Tribuna
Literatura de verdad
Es difícil escribir sobre un amigo cuando acaba de morir, porque es en la muerte cuando las palabras se convierten solo en sonidos, en garabatos negros sobre el papel. Solo después nos damos cuenta de que curan o, si no lo logran plenamente, al menos calman el dolor. Escribo pues sobre Ana María Matute, que se ha ido a los 88 años, una mujer anciana, menuda, fotografiada en su silla de ruedas en los últimos tiempos; y sin embargo es la imagen de una niña la que acude a mi cabeza. Esa niña que protagoniza tantas de sus historias, también la que nos deja como un último regalo: Demonios familiares. Esa niña de ojos grandes y mirada directa -entre la indagación, el asombro y el espanto- que ella misma fue un día y que la siguió habitando hasta el último momento. «Nos morimos niños viejos», me dijo una vez, hace ya tres décadas, en su apartamento de Barcelona mientras tomábamos un whisky y me leía fragmentos de la novela que escribía y reescribía incesantemente desde hacía años: Olvidado rey Gudú. Creo que tenía razón.
Una escena en Puerto Rico
Otra imagen más reciente acude ahora a mi memoria. Una escena vivida en el 2011, en San Juan de Puerto Rico durante el Festival de la Palabra. Ana María estaba sentada en un patio, en plena noche calurosa, rodeada de buenos y reconocidos autores mucho más jóvenes que ella: Santiago Roncagliolo, Karla Suárez, Iván Thays, Guadalupe Nettel, Andrea Jeftanovic... Ella sostenía en la mano una copa de vino blanco y hablaba de literatura. No hablaba de ventas ni de editores ni de críticas ni de premios. Hablaba de literatura, de personajes que sufrían y soñaban, de sombras y miedos, de palabras capaces de despertar cosas que ni siquiera sabíamos que llevábamos dentro. Y sus jóvenes colegas la miraban con la fascinación y la gratitud dibujadas en el rostro.
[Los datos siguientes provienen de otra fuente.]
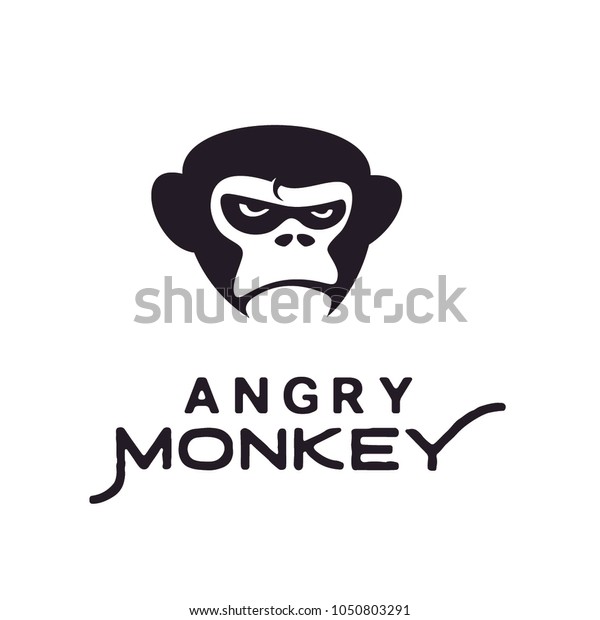 Grumpy Angry Gorilla / King Kong Monkey Face\
illustration logo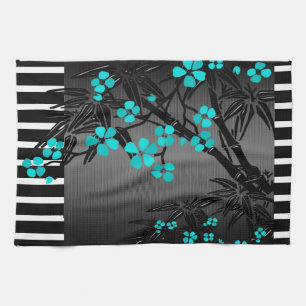 Linge De Cuisine Élégante fleur de bleu cyan bambou noir asiatique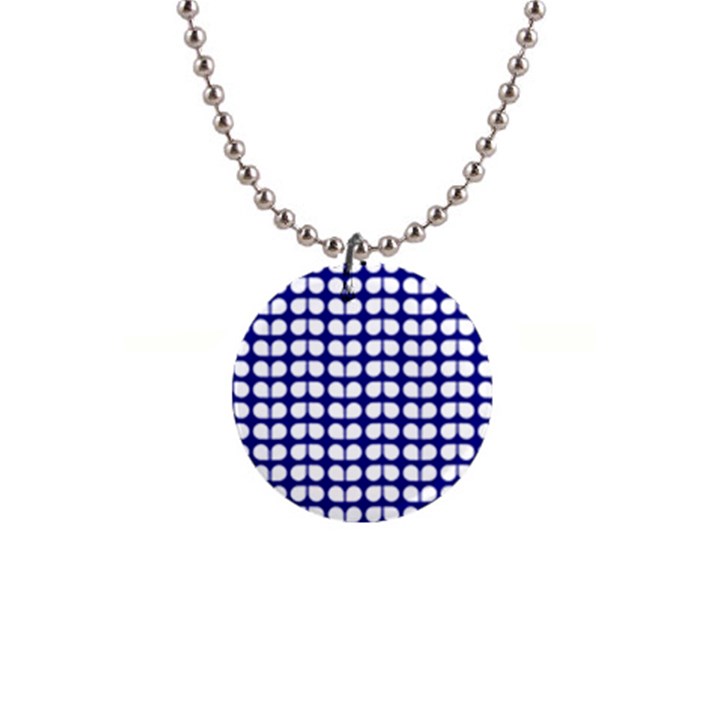 Blue And White Leaf Pattern 1  Button Necklace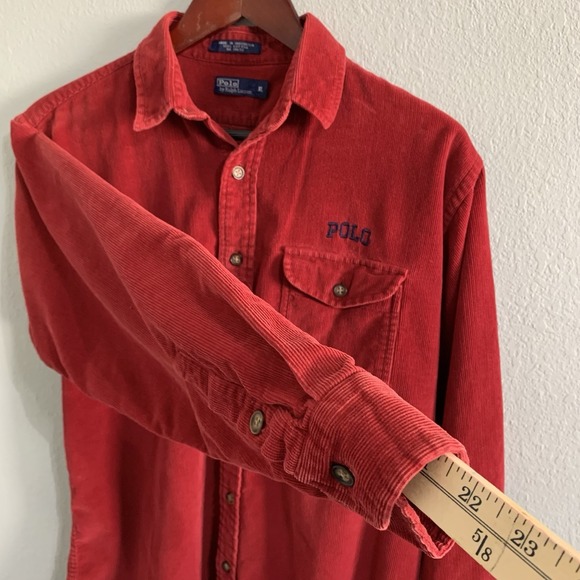 Vintage Polo Ralph Lauren Corduroy Shirt Men's XL Red Button Down Heritage 90s - Picture 8 of 13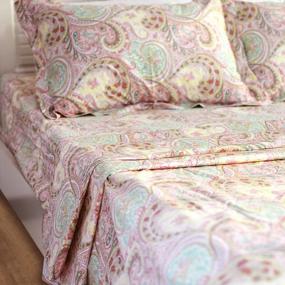 img 2 attached to Luxurious 800 Thread Count Egyptian Cotton Paisley Bedding Set - FADFAY 4 Piece Queen Size Deep Pocket Bed Sheet Collection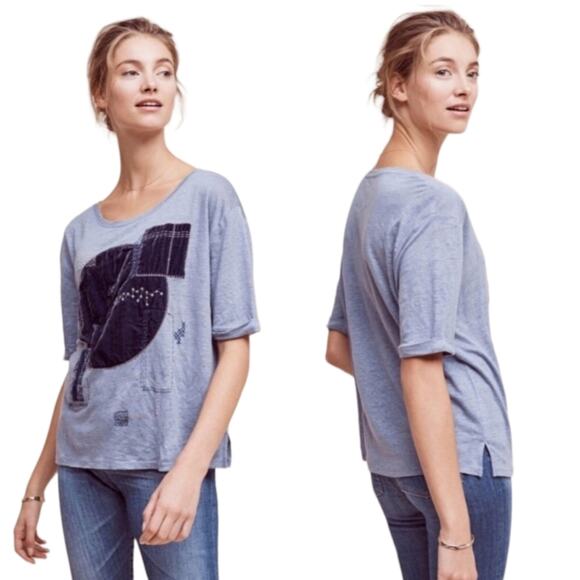 Anthropologie Akemi + Kin Linen Velvet Patchwork Tee XS - Picture 1 of 8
Estaba hablando de literatura. De la de verdad. La que no depende de éxitos ni de fracasos. La que consigue nombrar el mundo y, a la vez, construir un mundo propio. Eso ha sido Ana María Matute, una Escritora con e mayúscula en unos tiempos mezquinos, como quizá lo sean todos, que nunca consiguieron encasillarla, porque su escritura anduvo entre el realismo y la fantasía como esos gitanos que tanto le gustaban, errante y misteriosa, sin dejarse atrapar por normas ni dictados. Podemos consolarnos pensado que nos quedan sus palabras. Como lector, es cierto. Como amigo, no basta.